In fact, “Sex and the City” was the first major television show to feature female characters regularly—and blithely—using what comedian George Carlin identified in a controversial 1973 routine as the seven words you can’t say on television. They also added a few.

“I think it was very liberating to hear women using the language that was previously reserved for men’s locker rooms—Samantha more so than the other characters,” said Cindy Chupack, writer and executive producer for “Sex and the City.”

“I don’t think that was the point of the show, but it was an aspect of it … Sarah Jessica [Parker, who played Carrie] would kind of wince once in a while at the table.”

While crude dialogue often serves to darken the mood of a script, in the case of “Sex and the City” it punctuated typically upbeat storytelling amid bright sets and chipper conversations, often over breakfast.

During one meal, Samantha finishes Charlotte’s sentences with sexually explicit talk, prompting Carrie to ask, “What is this, dirty mad libs?”

Over another, the women (well, all except Samantha) worry about their vocabulary in the presence of Miranda’s new baby.

“Originally we were criticized: ‘Women don’t talk like that,'” said Chupack, who noted that the show’s residency on subscriber cable and lack of sponsors gave it more leeway with language. “Our rule in the writers’ room was, Do women think like that?”

Chupack added that whether her staff was writing dialogue or coining catchphrases such as “secret single behavior,” “goodie drawer,” “sim-u-date” or “gay-straight” and “straight-gay” (long before “metrosexual” was in vogue, she proudly notes), the goal was the same: to give women a voice about their experiences in relationships.

“We wanted to put out in the universe things that women were thinking but didn’t have the courage to say out loud,” said Jenny Bicks, who wrote for “Sex and the City” since the first season.

For better or worse, this marks a change, said Alice Eagly, a psychology professor at Northwestern University who is co-writing a book on gender and leadership.

“Women using forbidden words is just another sign of gender equalization, which has generally taken the form so far of women taking on masculine behavior patterns—the bad ones along with the good ones,” she said.

In her book “Gendered Lives: Communication, Gender and Culture,” Julia Wood notes that a male typically is the subject and a woman the direct object of expressions describing sexual behavior: he is the actor, she is acted upon.

“Language in media and everyday conversation reflects social views of women as more passive than men in relationship contexts,” Wood writes.

But not on “Sex and the City,” where the women clearly described and discussed themselves in terms that were anything but passive. Bicks said the “Sex and the City” writers sensed the fine line between dialogue that is empowering and language that is degrading. She emphasized they created a show that was character-driven and tried to avoid gratuitous use of nudity and adult language.
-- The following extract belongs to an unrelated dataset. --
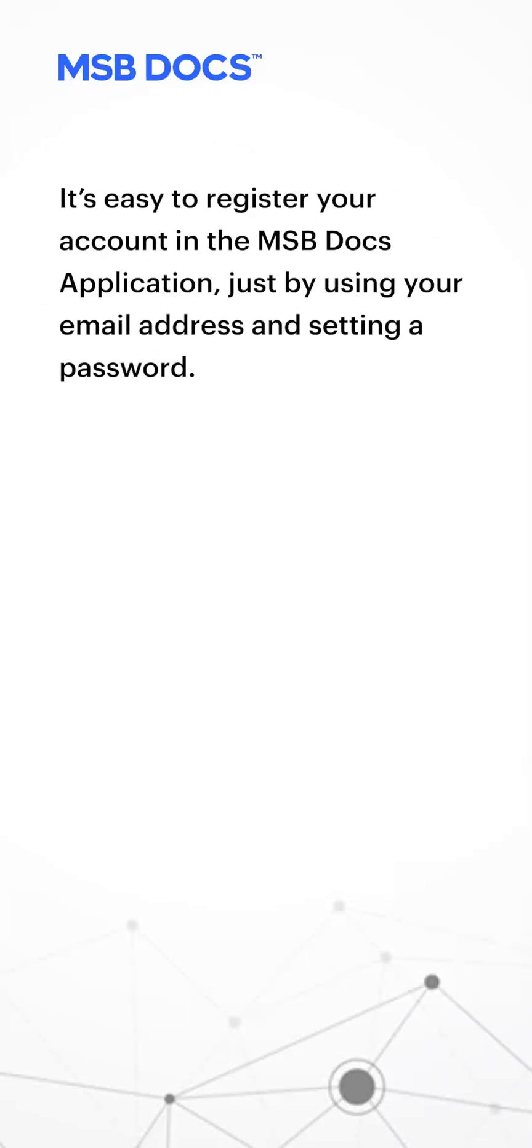It's easy to register your account in the MSB Docs application just by using your email address and setting a password.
“We wouldn’t define what we were doing as vulgar. We would define it as honest,” said Bicks.

“We never did something for vulgarity’s sake. If it was vulgar, we didn’t do our job.”

But society often has different definitions of what is vulgar for a man to say versus what is vulgar for a woman to say, Eagly said.

“It used to be [assumed] that men were interested in sex and women weren’t, and so men could use [vulgar or obscene] words … and women couldn’t,” Eagly said. “It is progress to get rid of that sexual double standard.

“It’s another question whether people [in general] should talk like that,” she added. “But we shouldn’t say that women shouldn’t talk like that.”